The current function:
    def _items(self):
        if self.i18n:
            # Create (item, lang_code) tuples for all items and languages.
            # This is necessary to paginate with all languages already considered.
            items = [
                (item, lang_code)
                for lang_code in self._languages()
                for item in self.items()
            ]
            return items
        return self.items()
This is a e.g of a result:
<urlset xmlns="http://www.sitemaps.org/schemas/sitemap/0.9" xmlns:xhtml="http://www.w3.org/1999/xhtml">
    <url>
        <loc>https://example.com/en/contact</loc>
        <changefreq>weekly</changefreq>
        <priority>0.5</priority>
        <xhtml:link rel="alternate" hreflang="en" href="https://example.com/en/contact" />
        <xhtml:link rel="alternate" hreflang="es" href="https://example.com/es/contact" />
        <xhtml:link rel="alternate" hreflang="el" href="https://example.com/el/contact" />
    </url>
    <url>
        <loc>https://example.com/es/contact</loc>
        <changefreq>weekly</changefreq>
        <priority>0.5</priority>
        <xhtml:link rel="alternate" hreflang="en" href="https://example.com/en/contact" />
        <xhtml:link rel="alternate" hreflang="es" href="https://example.com/es/contact" />
        <xhtml:link rel="alternate" hreflang="el" href="https://example.com/el/contact" />
    </url>
    <url>
        <loc>https://example.com/el/contact</loc>
        <changefreq>weekly</changefreq>
        <priority>0.5</priority>
        <xhtml:link rel="alternate" hreflang="en" href="https://example.com/en/contact" />
        <xhtml:link rel="alternate" hreflang="es" href="https://example.com/es/contact" />
        <xhtml:link rel="alternate" hreflang="el" href="https://example.com/el/contact" />
    </url>
</urlset>
I propose to verify if the alternates is True and generate the items only for the default language:
    def _items(self):
        if self.i18n:
            if self.alternates:
                lang_code = self.default_lang or settings.LANGUAGE_CODE
                items = self.items()
                items = [
                    # The url will be generated based on the default language the translations links will be added in the alternate links
                    (item, lang_code)
                    for item in items
                ]
                return items
            # Create (item, lang_code) tuples for all items and languages.

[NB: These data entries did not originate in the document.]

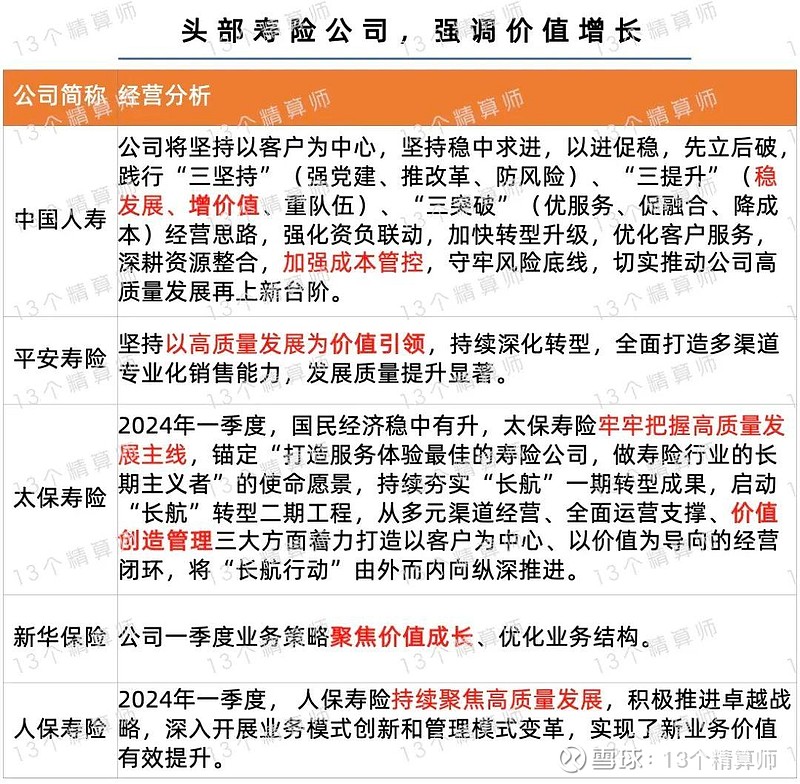 金融监管总局、国家发改委联合召开金融资产投资公司股权投资试点座谈会提出 推动优化股权投资环境 调动更多资金资源支持试点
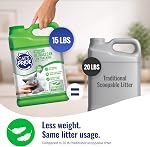 Cat's Pride Max Power: UltraClean Low Tracking Multi-Cat Clumping Litter - Keeps Paws & Home Clean - Up to 10 Days of Powerful Odor Control - 99% Dust Free - Unscented, 15 Pounds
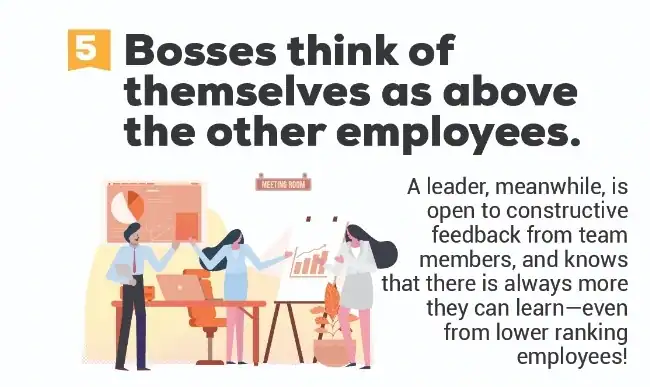 Manager focused on hierarchy contrasted with a leader who values team relationships
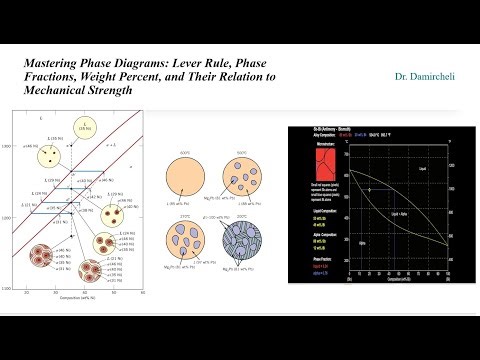 Mastering Phase Diagrams: Lever Rule, Phase Fractions & Mechanical Strength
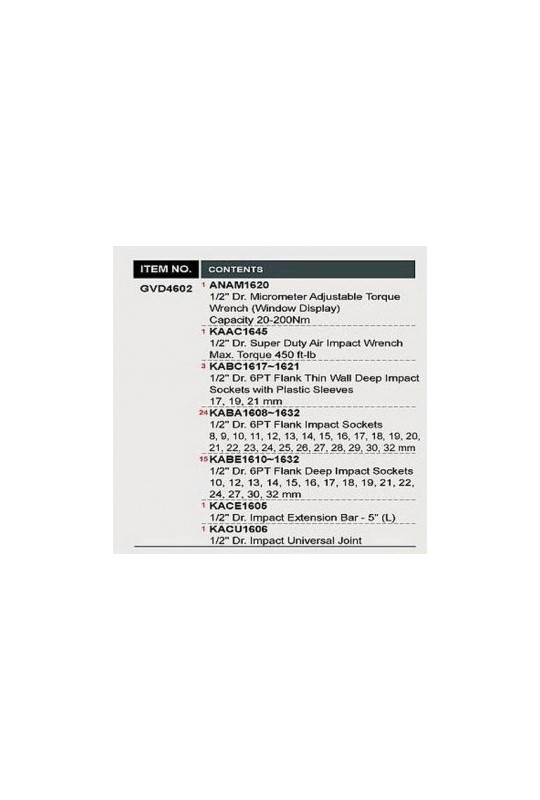 Набір ударних головок TOPTUL GVD4602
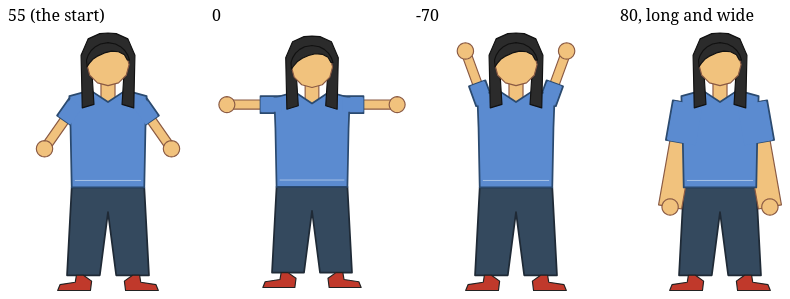 The figure with its arms at 55, 0, -70 degrees, and long and wide at 80.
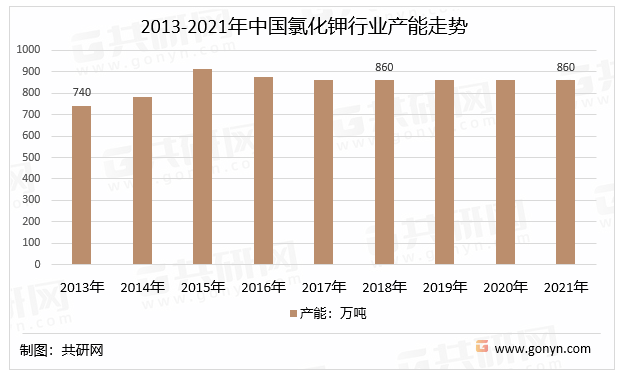 2013-2021年中国氯化钾行业产能走势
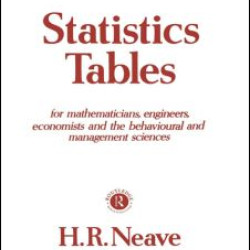 Statistics Tables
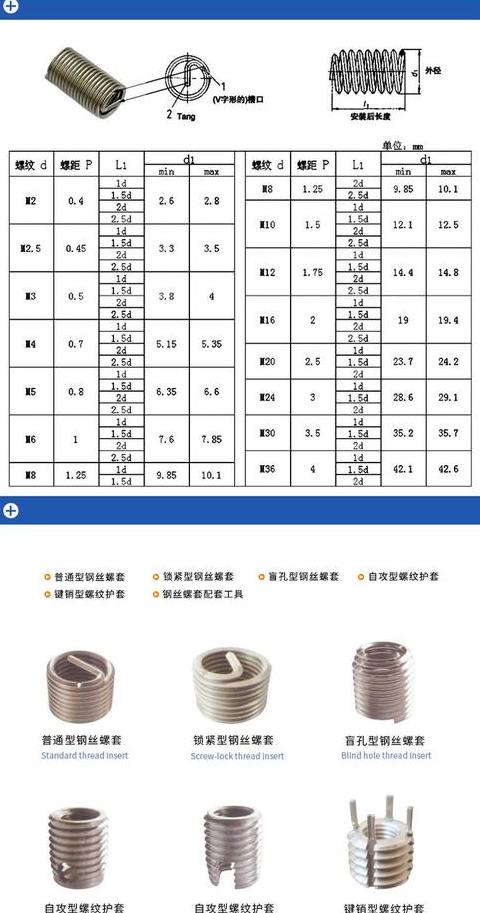 螺纹加工方法全解析：切割、滚动及其他现代技术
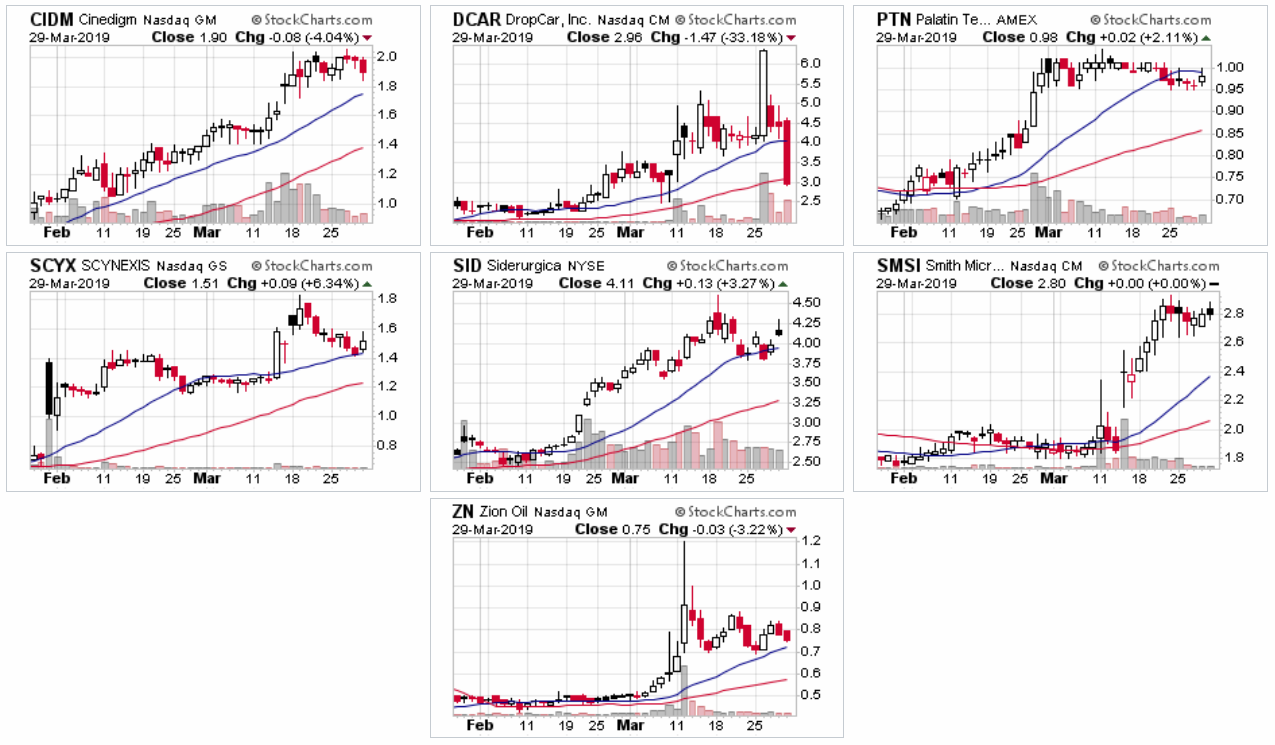 Walli`s US-trading thread :) 1104464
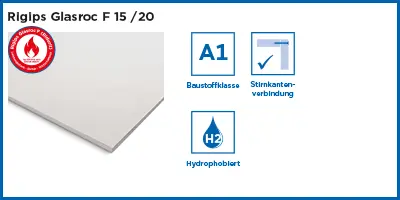 Rigips Glasroc F 15 / 20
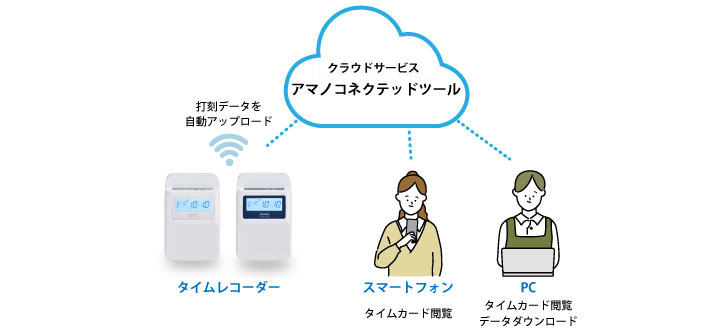 Amazonマックス タイムレコーダー 1日2回印字 電波時計搭載 ER-80S2CWタイムカード本体文房具・オフィス用品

            # This is necessary to paginate with all languages already considered.
            items = [
                (item, lang_code)
                for lang_code in self._languages()
                for item in self.items()
            ]
            return items
        return self.items()
Then i expected a result more like:
<urlset xmlns="http://www.sitemaps.org/schemas/sitemap/0.9" xmlns:xhtml="http://www.w3.org/1999/xhtml">
    <url>
        <loc>https://example.com/en/contact</loc>
        <changefreq>weekly</changefreq>
        <priority>0.5</priority>
        <xhtml:link rel="alternate" hreflang="en" href="https://example.com/en/contact" />
        <xhtml:link rel="alternate" hreflang="es" href="https://example.com/es/contact" />
        <xhtml:link rel="alternate" hreflang="el" href="https://example.com/el/contact" />
    </url>
</urlset>
This makes sense? can I start work on it?
Change History (4)
comment:1 by , 3 years ago
| Description: | modified (diff) | 
|---|
comment:2 by , 3 years ago
| Cc: | added | 
|---|
comment:3 by , 3 years ago
comment:4 by , 3 years ago
| Resolution: | → needsinfo | 
|---|---|
| Status: | new → closed | 
Florian, thanks for checking.
Thank you for your report, but it is my understanding that the result you expect would not be correct. Each translation of a page needs a separate
urlentry.Here is an example showing the explicit listing of all language "pages" by themselves with their alternates including itself: https://developers.google.com/search/docs/advanced/crawling/localized-versions#sitemap
Do you have any references, that support your expectation?